Associations of GWAS-supported non-MHC genes with autoimmune thyroiditis in patients with type 1 diabetes

Abstract

Purpose: A genome-wide association study (GWAS) in Caucasian population identified five non-MHC genes (PHTF1, PTPN22, MAGI3, BCL2L15, and QRFPR) associated with risk of the co-occurrence of autoimmune thyroid diseases (AITD) and type 1 diabetes (T1D). The aim of this study is to replicate these associations with AITD in patients with T1D in Chinese Han population. Patients and Methods: A case–control study was designed. Five single-nucleotide polymorphisms (SNPs) PHTF1 rs1111695, PTPN22 rs1217407, MAGI3 rs2153977, BCL2L15 rs2358994, and QRFPR rs7679475 were genotyped in 489 patients with T1D. Associations between genotypes and AITD risk were analyzed with logistic regression model. Results: AITD occurred in 159 (32.5%) patients.

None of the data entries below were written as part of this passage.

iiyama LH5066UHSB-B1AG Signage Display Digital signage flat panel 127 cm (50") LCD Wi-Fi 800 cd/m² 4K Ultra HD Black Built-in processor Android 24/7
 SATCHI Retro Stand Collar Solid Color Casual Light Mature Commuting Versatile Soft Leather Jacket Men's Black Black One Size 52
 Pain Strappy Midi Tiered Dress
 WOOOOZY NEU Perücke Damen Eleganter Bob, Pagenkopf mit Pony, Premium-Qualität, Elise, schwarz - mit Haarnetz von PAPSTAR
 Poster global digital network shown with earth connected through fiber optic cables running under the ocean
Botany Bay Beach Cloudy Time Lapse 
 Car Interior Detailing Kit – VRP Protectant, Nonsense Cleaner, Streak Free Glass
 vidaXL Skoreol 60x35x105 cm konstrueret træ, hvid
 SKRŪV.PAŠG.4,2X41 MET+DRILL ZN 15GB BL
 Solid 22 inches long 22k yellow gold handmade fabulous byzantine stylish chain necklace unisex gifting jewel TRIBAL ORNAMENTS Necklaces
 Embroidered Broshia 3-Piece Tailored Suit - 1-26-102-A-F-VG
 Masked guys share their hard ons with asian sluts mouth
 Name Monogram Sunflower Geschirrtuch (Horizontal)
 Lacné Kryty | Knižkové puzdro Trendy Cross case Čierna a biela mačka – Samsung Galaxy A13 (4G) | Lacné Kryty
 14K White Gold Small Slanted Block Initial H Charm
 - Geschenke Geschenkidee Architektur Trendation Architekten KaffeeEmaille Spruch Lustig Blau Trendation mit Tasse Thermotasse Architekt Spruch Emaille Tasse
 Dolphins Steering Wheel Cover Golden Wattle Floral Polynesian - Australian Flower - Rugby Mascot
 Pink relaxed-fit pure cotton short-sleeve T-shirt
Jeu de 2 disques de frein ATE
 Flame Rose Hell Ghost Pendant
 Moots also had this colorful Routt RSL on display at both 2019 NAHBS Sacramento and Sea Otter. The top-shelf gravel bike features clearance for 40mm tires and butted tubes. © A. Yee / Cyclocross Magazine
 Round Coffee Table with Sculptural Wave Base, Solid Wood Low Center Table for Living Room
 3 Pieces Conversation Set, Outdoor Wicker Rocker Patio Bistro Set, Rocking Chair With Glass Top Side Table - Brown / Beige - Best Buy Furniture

When adjusting multiple factors by logistic regression, QRFPR rs7679475 was significantly associated with an increased risk of AITD in T1D patients in codominant model (G/G vs A/A, OR 2.93; 95% CI 1.44–5.96; P = 0.003), dominant model (G/A-G/G vs A/A, OR 1.81; 95% CI 1.17–2.79; P = 0.007) and recessive model (G/G vs A/A-G/A, OR 2.28; 95% CI 1.17–4.43; P = 0.015). Furthermore, we found a significant interaction between rs7679475 and female (Pinteraction = 0.005). In silico analysis indicated that rs7679475 is located in histone modification marked region and can change the binding of regulatory motifs. Conclusion: Our results suggested that QRFPR rs7679475 may influence the risk of AITD in patients with T1D in Chinese Han population, and this effect may be modulated by sex.